Banks may benefit as wages rise in 2015
A Bank of England decision maker has predicted a rise in pay this year.
Pay rates in the UK are set to start rising in real terms this year, a Bank of England official has said.
Martin Weale, a member of the rate-setting Monetary Policy Committee (MPC), has tipped the increase to occur over the next year after speaking to employers across the country.
He told the BBC Radio Five Live Wake Up To Money programme: "When I go and visit businesses throughout the country, I find that they are talking of pay increases in a way quite different say from what I was hearing last year"
Mr Weale added that many of those discussing the likelihood of pay rises this year were previously only speaking in terms of freezes.
Should this prediction come to pass, there may be significant implications for the banking sector.
On the one hand, it will be good news as there will be more wages coming into current accounts and savings, giving banks more capital from which to lend. In addition to this, larger incomes in an economic environment of growth and ever-rising employment will add up to a much more benign and secure environment in which to lend more.
However, while such actors may be beneficial, financial companies will need to consider what they are paying accountants and other staff. If pay rates start rising, this may increase pressure for pay rises in the financial sector.

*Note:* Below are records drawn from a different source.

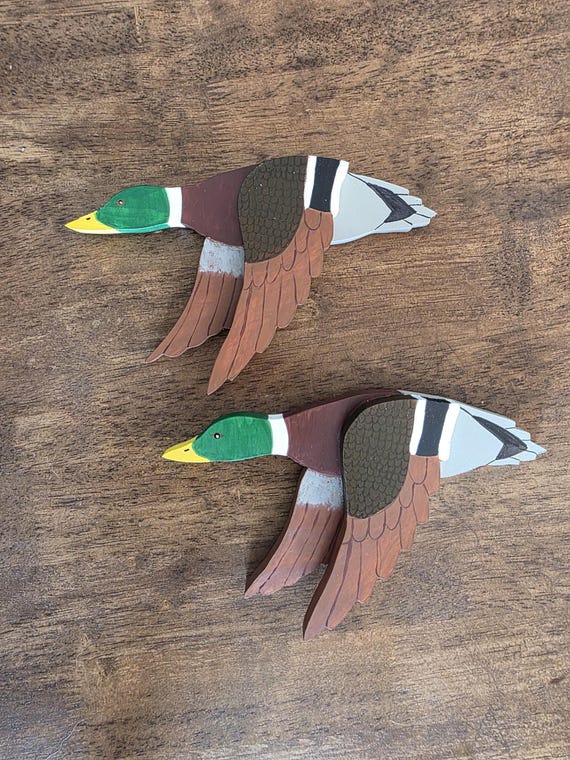 Mallard Duck Decoration, Mallard Duck Decor, Flying Duck Decoration, Wood Duck, Flying Mallard, Duck Hunter Gift, Duck Lover Gift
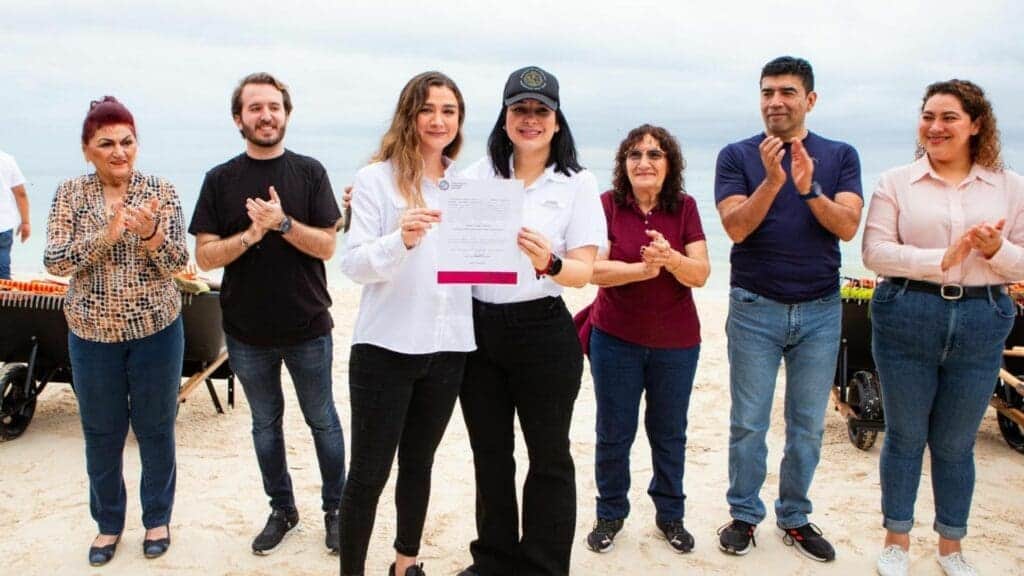 Cuidar y preservar nuestras playas para las familias y turistas, compromiso de todos: Estefanía Mercado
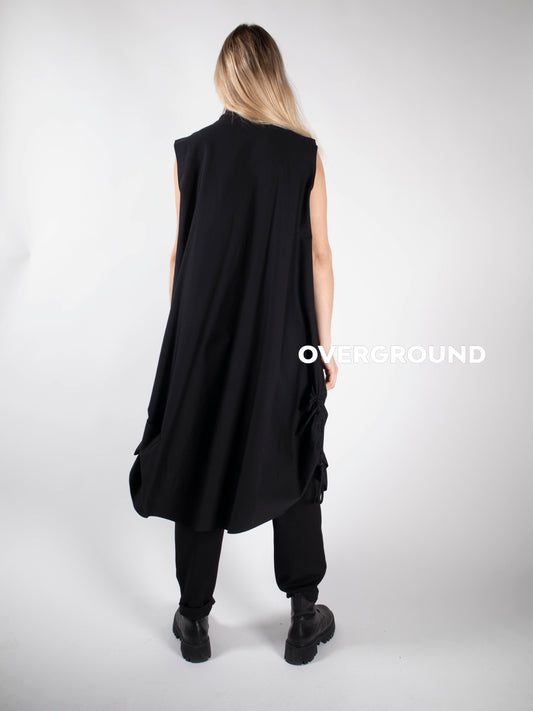 SPOLVERINO SMANICATO CON RIPRESE LATERALI - OVERGROUND STORE 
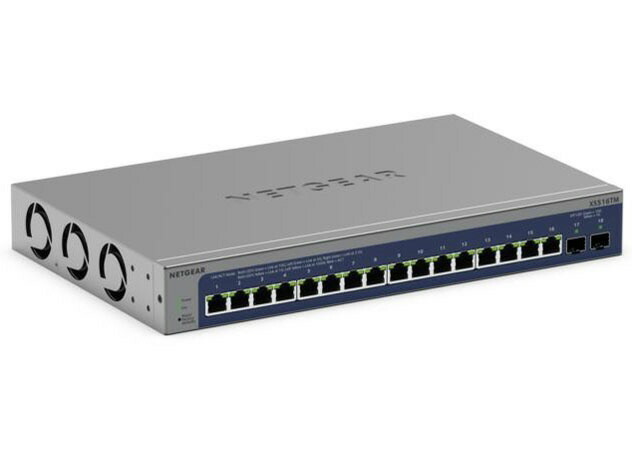 【尖んがり10倍】 NETGEAR スイッチングこしき(網状組織こしき) XS516TM-100JPS [伝える機敏さ：1000BASE-T(1000Mbps)/2.5GBASE-T(2500Mbps)/5GBASE-T(5000Mbps)/10GBASE-T(10000Mbps) 界面数：16 スイッチングファブリック：360Gbps ワット数内蔵：○] 【P10倍】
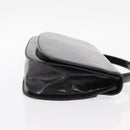 PRADA Hand Bag Leather Black Silver Auth ep11842-3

Indeed, those companies who fail to keep up could be at risk of losing some of their most talented staff, who could be lured away by rival companies.
Mr Weale is not alone in tipping 2015 to be the year in which the relative decline of wages is reversed. The Bank's governor Mark Carney made a similar prediction in a speech to the Trades Union Congress conference last year, pointing to the middle of this year as the time when this trend will start in earnest.